→ Exercise brief
The whole listing is to be written out again exactly; the pictures are not.

→ Records for this exercise
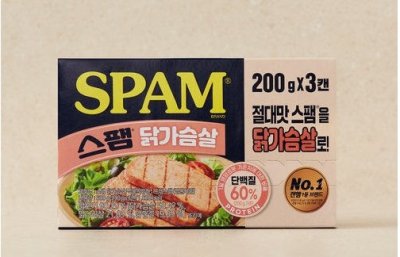 CJ) 스팸 닭가슴살햄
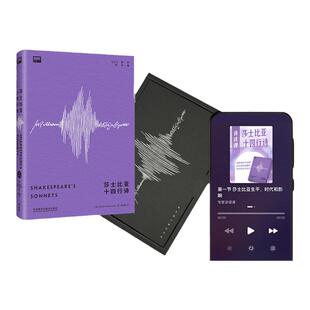 【官方正版】莎士比亚十四行诗有声纪念版附赠专家讲读课+英文配乐朗读音频读新译莎作经典听专家权威解析赏地道英音朗读图书籍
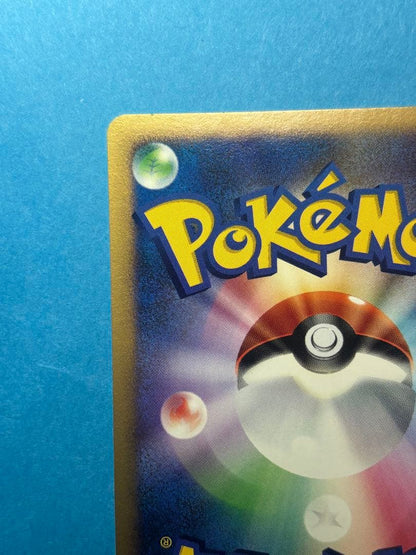 Mew Series DP Extension Pack Radiant Darkness DPBP#182 holo card with large left and right sphere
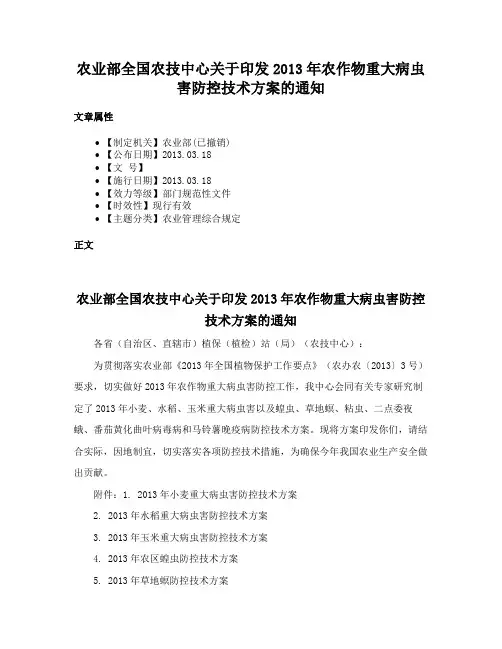 农业部全国农技中心关于印发2013年农作物重大病虫害防控技术方案的通知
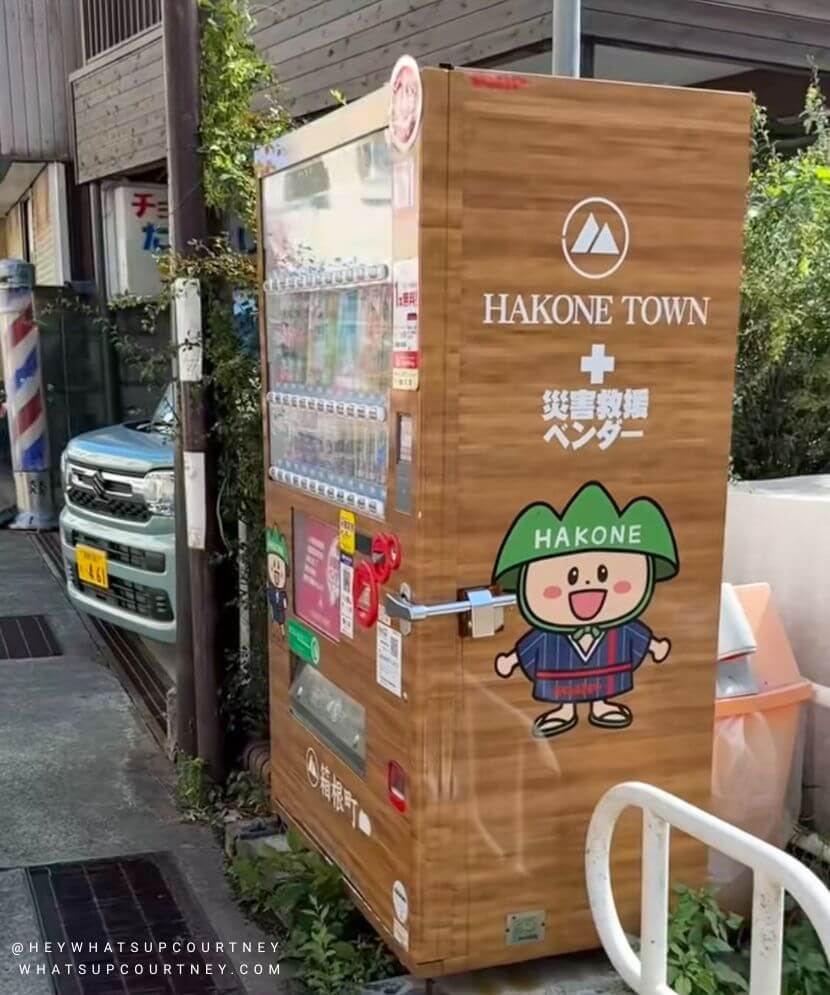 A cute vending machine in Hakone town Japan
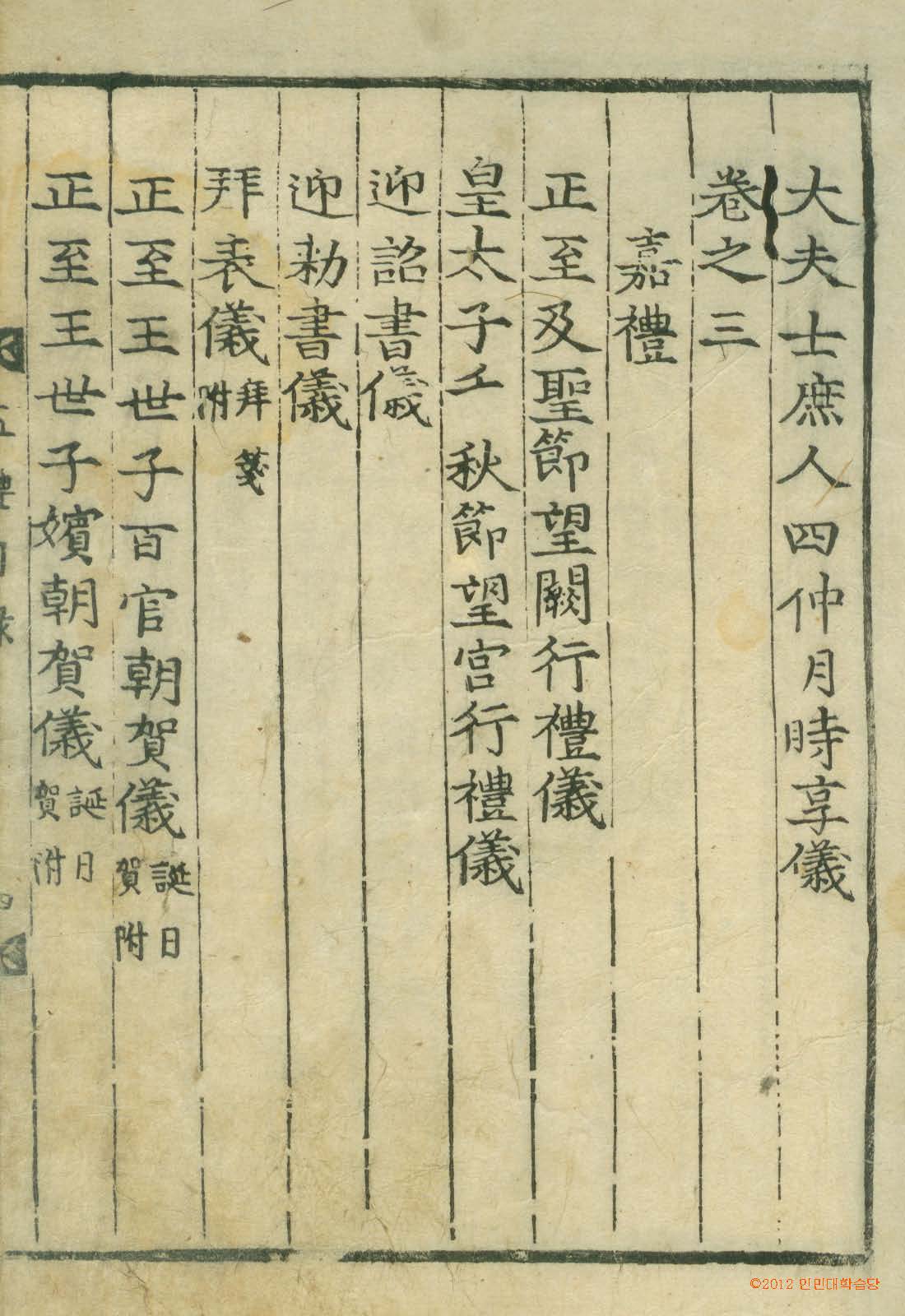 обложка книги-國朝五禮儀 _7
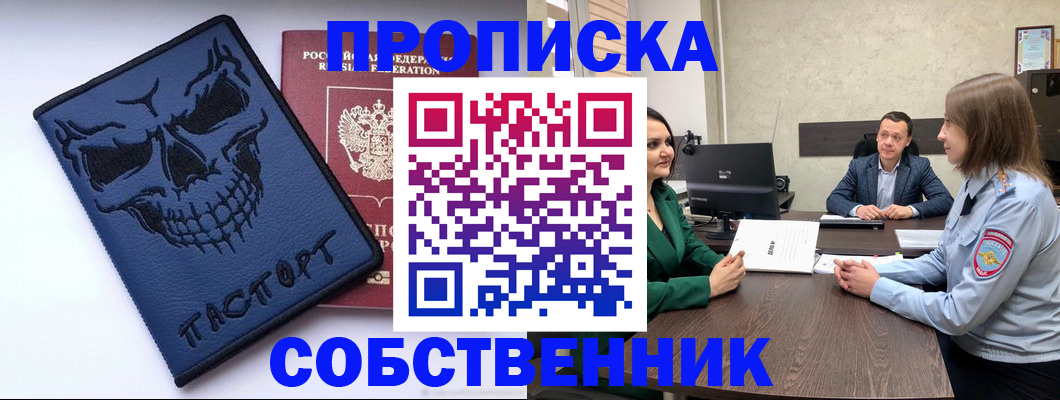 регистрация для школы в Горняке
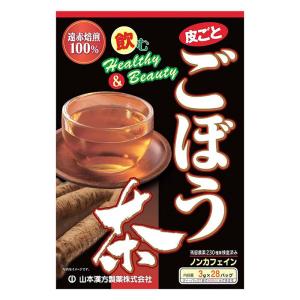 ごぼう茶100% 28包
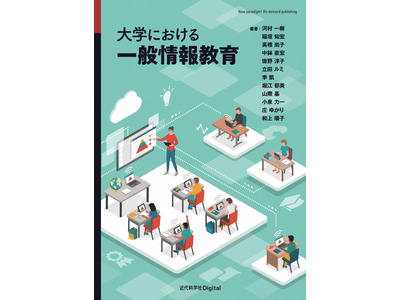 大学の一般情報教育に関する調査研究を書籍化…近代科学社 画像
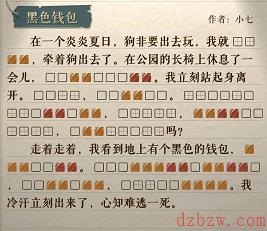 海龟蘑菇汤黑色钱包攻略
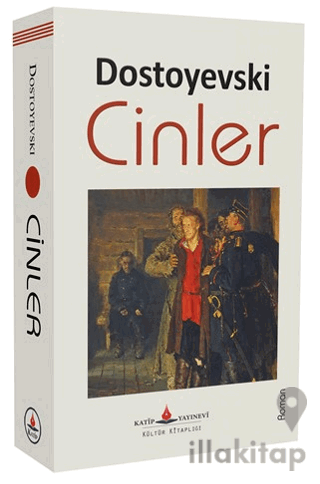 Cinler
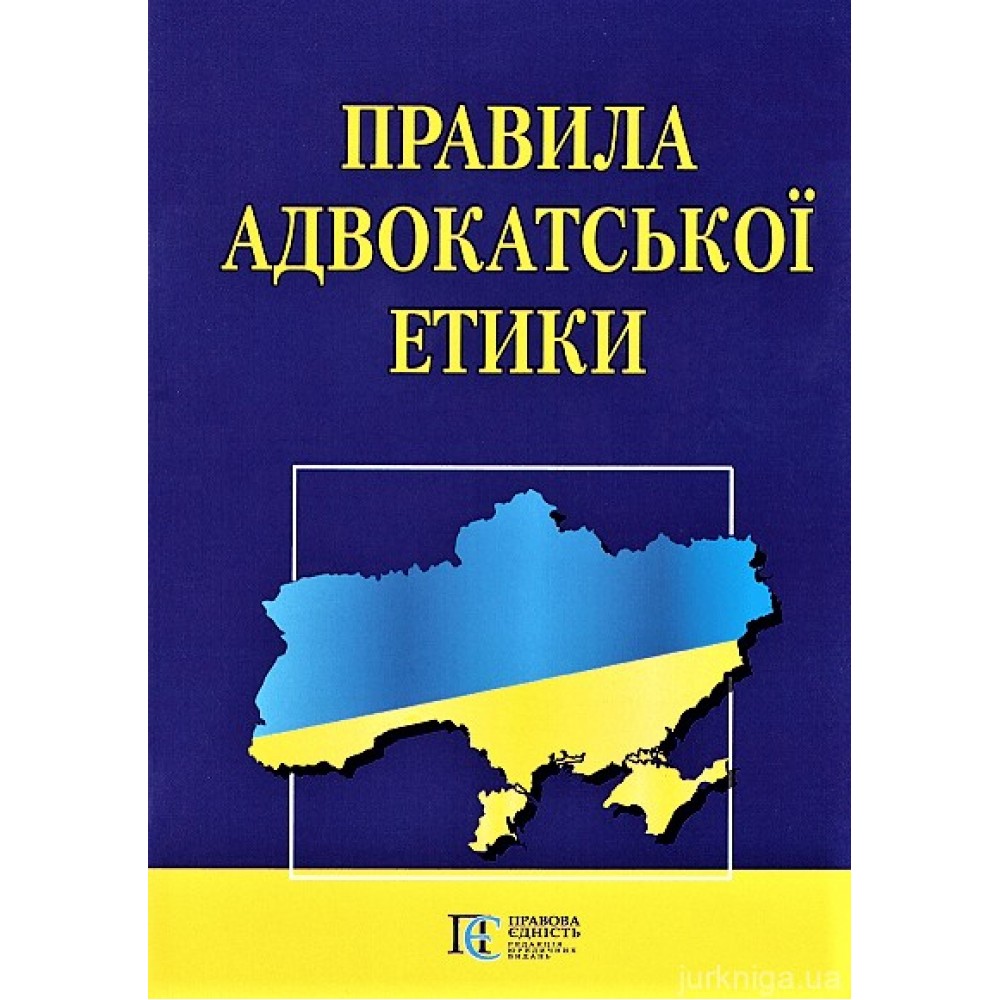 Правила адвокатської етики. Алерта Правила адвокатської етики. Алерта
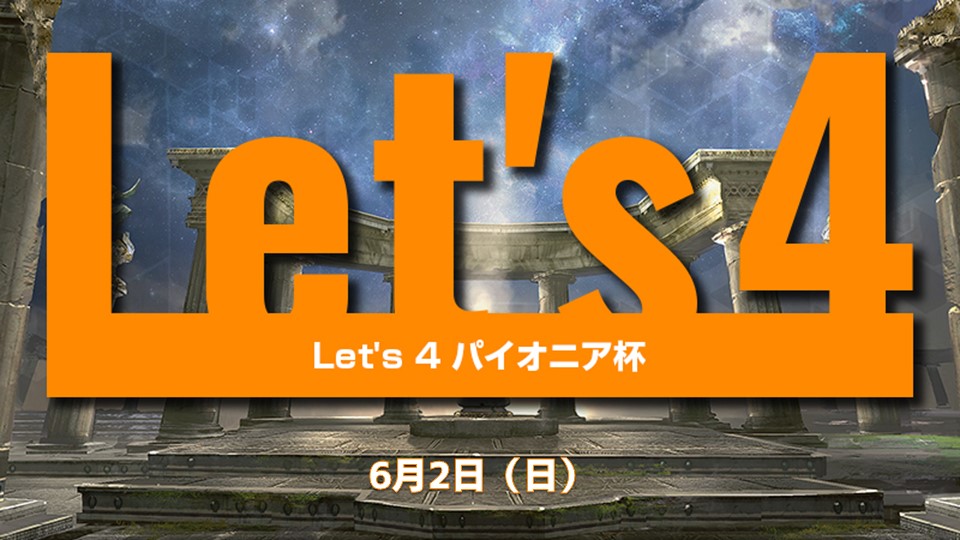 Let's 4 パイオニア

→ Exercise response
 CJ) 스팸 닭가슴살햄
 【官方正版】莎士比亚十四行诗有声纪念版附赠专家讲读课+英文配乐朗读音频读新译莎作经典听专家权威解析赏地道英音朗读图书籍
 Mew Series DP Extension Pack Radiant Darkness DPBP#182 holo card with large left and right sphere
 农业部全国农技中心关于印发2013年农作物重大病虫害防控技术方案的通知
 A cute vending machine in Hakone town Japan
 обложка книги-國朝五禮儀 _7
 регистрация для школы в Горняке
 ごぼう茶100% 28包
 大学の一般情報教育に関する調査研究を書籍化…近代科学社 画像
 海龟蘑菇汤黑色钱包攻略
 Cinler
 Правила адвокатської етики. Алерта Правила адвокатської етики. Алерта
 Let's 4 パイオニア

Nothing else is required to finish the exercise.